Emmanuel Ginis has dedicated the last eight years of his career to improving conditions and opportunities for women in the country’s biggest employer: the Government of Papua New Guinea.
“PNG has eight going on 10 million people – half are women and girls,” he says.
“If they can’t get in to a position to use their brains, hands and feet, then that is a huge loss for PNG’s development.”
Emmanuel leads the government’s push for greater equality for all Papua New Guineans as the Gender Equity and Social Inclusion Manager at the Department of Personnel Management.
An important part of his role is to make a pathway for more women in the public service to step into leadership positions, which can bring benefits within the organisation and to the broader community.
“I would like to see an equal number of men and women participating in employment,” he says.
“It’s a bigger issue where more men are holding decision-making and management roles in the public service.
“Employing more women means we would be putting money in the pay packets of families and households.”
There are significant benefits to Papua New Guinea when women are supported to participate in the economy.
A 2018 study estimated women’s equal participation would increase PNG’s gross domestic product – the total value of goods produced and services provided in a year – by nearly 14 per cent.
Emmanuel’s passion for equality goes back to 2011 when he contributed to the development of the Gender Equity and Social Inclusion Policy, which now informs expectations on government agencies and public servants throughout the country.
Today, he travels to the provinces and districts with support from the PNG-Australia Partnership to communicate the principles and values of GESI to public servants and explain how they can be implemented day-to-day in their workplaces and the communities they serve.
He admits these conversations aren’t always easy. “When we first mention gender to an agency, they would say: ‘it’s a women’s issue, let’s get all the women and they will discuss the issues’.”
“What they don’t realise is this is an issue that everyone should be responsible for.
“Men have dominating power and control over a lot of areas of government and decision-making – we can see this in our own communities – so having that conversation with them opens up their minds to how they can advocate for gender equality.”

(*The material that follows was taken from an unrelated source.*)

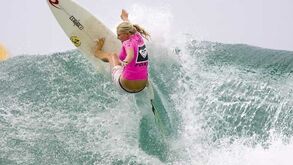 Surf: Stephanie Gilmore agredida com barra de ferro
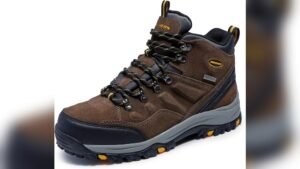 Best Shoes for Freezer Work: Top Insulated and Waterproof Boots Reviewed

Change doesn’t happen overnight, but Emmanuel is confident that the push for gender equality is building momentum.
A broader national conversation on the topic has sparked and Emmanuel says agencies and individuals are regularly getting in-touch with him for more information.
“That’s a good thing because when you are inquisitive about something, that’s when learning starts,” he says.

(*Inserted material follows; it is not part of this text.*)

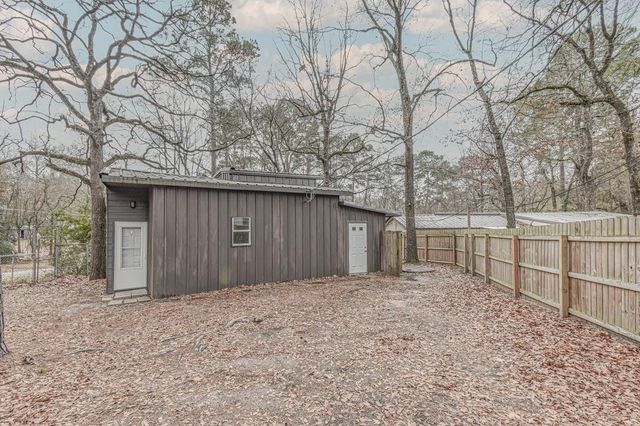 20011 Parkway Lane B, Montgomery, TX 77356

“A lot of public servants want to know more and now it’s up to us to provide that information to them in the best way possible.”

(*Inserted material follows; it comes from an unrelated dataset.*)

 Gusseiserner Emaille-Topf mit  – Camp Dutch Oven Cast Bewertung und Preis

While Emmanuel’s remit only extends to government agencies, he believes the impact of gender equity and social inclusion will be felt by the broader community.
“It’s about leadership, capacity, resources and breaking through those cultural barriers that we have in our workplaces and communities,” he says.
“We want to iron out our issues – whatever challenges we have personally or within the workplace – then we work towards delivering services for the people.
“We are clearing a pathway for women to rise up and be part of the development of our country. It starts in our homes, into our schools and then it comes to the workplace.”
The Department of Personnel Management has now delivered sessions that provide guidance on implementation of the Gender Equity and Social Inclusion Policy to provincial administrations and agencies in East New Britain, Jiwaka, Madang, Manus, New Ireland, Morobe, Oro, Simbu, Western Highlands and West Sepik.
Many of the 532 participants are now – like Emmanuel – making equality their business each and every day.